ACTIVITY »
Starting at the top of the entries below, print each line exactly until the line with "MAZET DE MONTARGIS" has been printed too.
Start of INPUT DATA
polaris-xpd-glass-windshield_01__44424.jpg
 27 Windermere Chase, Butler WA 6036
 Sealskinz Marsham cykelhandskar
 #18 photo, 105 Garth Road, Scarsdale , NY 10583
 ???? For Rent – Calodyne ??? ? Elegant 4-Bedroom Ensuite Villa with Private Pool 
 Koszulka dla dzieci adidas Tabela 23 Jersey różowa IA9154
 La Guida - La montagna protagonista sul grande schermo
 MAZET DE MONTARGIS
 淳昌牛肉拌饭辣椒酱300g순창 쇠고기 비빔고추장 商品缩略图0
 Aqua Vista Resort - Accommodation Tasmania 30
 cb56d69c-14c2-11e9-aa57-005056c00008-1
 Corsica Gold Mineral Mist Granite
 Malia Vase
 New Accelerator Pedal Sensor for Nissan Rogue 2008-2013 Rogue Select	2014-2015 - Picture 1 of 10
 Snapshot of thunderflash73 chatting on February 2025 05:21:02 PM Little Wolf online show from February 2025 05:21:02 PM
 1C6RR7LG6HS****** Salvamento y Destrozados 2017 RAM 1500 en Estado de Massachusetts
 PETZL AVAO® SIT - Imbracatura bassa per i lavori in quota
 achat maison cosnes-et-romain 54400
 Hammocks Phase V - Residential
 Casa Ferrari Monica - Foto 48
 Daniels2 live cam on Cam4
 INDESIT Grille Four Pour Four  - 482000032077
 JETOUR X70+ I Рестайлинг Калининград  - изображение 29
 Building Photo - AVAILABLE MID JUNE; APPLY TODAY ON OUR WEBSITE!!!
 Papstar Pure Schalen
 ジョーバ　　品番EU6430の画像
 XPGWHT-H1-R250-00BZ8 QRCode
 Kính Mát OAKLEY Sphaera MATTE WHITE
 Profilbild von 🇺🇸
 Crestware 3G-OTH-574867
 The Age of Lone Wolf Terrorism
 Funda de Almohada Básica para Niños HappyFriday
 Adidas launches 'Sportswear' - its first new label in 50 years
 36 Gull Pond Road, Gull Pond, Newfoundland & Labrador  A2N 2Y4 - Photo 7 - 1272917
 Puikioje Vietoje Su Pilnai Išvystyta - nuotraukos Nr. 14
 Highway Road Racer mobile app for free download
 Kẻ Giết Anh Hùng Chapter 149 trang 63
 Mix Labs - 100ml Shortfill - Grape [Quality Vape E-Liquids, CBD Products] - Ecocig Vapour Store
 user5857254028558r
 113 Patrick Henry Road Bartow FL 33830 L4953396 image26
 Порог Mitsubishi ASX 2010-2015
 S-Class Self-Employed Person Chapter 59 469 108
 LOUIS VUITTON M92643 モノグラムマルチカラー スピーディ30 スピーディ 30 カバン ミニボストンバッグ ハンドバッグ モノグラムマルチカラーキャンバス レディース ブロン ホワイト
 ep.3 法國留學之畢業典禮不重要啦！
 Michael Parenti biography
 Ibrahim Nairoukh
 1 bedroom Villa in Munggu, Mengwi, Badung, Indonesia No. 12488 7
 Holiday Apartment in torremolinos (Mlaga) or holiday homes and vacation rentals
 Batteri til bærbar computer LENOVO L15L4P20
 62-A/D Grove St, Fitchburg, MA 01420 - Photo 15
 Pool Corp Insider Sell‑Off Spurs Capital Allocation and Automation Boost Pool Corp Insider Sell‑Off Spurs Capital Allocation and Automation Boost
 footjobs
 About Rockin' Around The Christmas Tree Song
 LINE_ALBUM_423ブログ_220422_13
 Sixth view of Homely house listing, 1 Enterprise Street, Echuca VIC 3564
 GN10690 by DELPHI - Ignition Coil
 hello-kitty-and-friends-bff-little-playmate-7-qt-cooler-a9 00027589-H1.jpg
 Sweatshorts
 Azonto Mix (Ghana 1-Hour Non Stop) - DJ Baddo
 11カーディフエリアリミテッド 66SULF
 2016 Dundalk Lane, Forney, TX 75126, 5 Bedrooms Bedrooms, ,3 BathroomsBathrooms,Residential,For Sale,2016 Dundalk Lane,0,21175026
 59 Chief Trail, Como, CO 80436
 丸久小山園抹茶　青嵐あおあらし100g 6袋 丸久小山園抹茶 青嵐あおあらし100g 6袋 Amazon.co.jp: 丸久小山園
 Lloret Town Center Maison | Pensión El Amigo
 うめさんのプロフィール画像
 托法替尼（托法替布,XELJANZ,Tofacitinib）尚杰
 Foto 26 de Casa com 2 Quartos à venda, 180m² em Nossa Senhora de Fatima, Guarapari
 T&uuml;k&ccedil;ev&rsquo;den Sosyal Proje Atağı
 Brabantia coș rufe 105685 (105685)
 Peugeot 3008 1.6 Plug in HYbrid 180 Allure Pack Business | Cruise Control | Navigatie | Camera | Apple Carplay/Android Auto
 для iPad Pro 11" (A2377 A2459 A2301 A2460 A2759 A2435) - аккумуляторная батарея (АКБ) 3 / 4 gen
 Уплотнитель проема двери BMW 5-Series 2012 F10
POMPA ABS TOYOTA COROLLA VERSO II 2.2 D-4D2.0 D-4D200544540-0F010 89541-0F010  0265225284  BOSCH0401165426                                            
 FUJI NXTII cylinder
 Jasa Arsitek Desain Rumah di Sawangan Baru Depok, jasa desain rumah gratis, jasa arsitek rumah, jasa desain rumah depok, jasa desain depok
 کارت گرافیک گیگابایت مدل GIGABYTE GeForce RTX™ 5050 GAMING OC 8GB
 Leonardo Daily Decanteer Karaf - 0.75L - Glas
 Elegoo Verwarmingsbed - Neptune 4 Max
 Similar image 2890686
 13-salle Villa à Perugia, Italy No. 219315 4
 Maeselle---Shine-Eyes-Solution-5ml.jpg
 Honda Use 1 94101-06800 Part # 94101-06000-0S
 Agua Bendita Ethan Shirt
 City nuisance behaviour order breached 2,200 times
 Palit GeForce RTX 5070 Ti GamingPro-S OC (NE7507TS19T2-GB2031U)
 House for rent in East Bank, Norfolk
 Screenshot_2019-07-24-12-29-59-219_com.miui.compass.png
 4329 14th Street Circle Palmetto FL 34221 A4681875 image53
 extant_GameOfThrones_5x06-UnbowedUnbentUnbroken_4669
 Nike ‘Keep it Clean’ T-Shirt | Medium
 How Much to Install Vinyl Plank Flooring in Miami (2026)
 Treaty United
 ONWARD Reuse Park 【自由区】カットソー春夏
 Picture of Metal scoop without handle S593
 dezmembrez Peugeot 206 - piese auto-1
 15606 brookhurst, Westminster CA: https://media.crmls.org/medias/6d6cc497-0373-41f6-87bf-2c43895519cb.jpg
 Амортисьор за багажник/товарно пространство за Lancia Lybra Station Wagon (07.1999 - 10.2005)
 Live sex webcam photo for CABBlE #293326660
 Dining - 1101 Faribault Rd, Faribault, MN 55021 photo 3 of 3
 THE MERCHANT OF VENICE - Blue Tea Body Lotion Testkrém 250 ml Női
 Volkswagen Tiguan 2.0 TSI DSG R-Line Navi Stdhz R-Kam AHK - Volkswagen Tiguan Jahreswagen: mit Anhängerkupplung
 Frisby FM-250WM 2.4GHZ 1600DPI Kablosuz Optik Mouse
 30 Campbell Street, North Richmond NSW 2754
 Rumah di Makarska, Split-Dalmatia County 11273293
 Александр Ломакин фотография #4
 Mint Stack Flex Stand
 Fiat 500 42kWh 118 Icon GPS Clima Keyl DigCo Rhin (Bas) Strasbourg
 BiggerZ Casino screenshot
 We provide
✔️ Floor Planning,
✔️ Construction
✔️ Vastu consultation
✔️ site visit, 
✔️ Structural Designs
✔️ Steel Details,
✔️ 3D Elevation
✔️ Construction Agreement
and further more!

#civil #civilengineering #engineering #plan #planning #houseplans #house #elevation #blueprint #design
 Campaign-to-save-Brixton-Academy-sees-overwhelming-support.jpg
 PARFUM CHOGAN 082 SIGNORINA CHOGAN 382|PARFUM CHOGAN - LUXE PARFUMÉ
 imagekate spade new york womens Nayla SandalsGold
End of INPUT DATA
COMPLETED TASK »
polaris-xpd-glass-windshield_01__44424.jpg
 27 Windermere Chase, Butler WA 6036
 Sealskinz Marsham cykelhandskar
 #18 photo, 105 Garth Road, Scarsdale , NY 10583
 ???? For Rent – Calodyne ??? ? Elegant 4-Bedroom Ensuite Villa with Private Pool 
 Koszulka dla dzieci adidas Tabela 23 Jersey różowa IA9154
 La Guida - La montagna protagonista sul grande schermo
 MAZET DE MONTARGIS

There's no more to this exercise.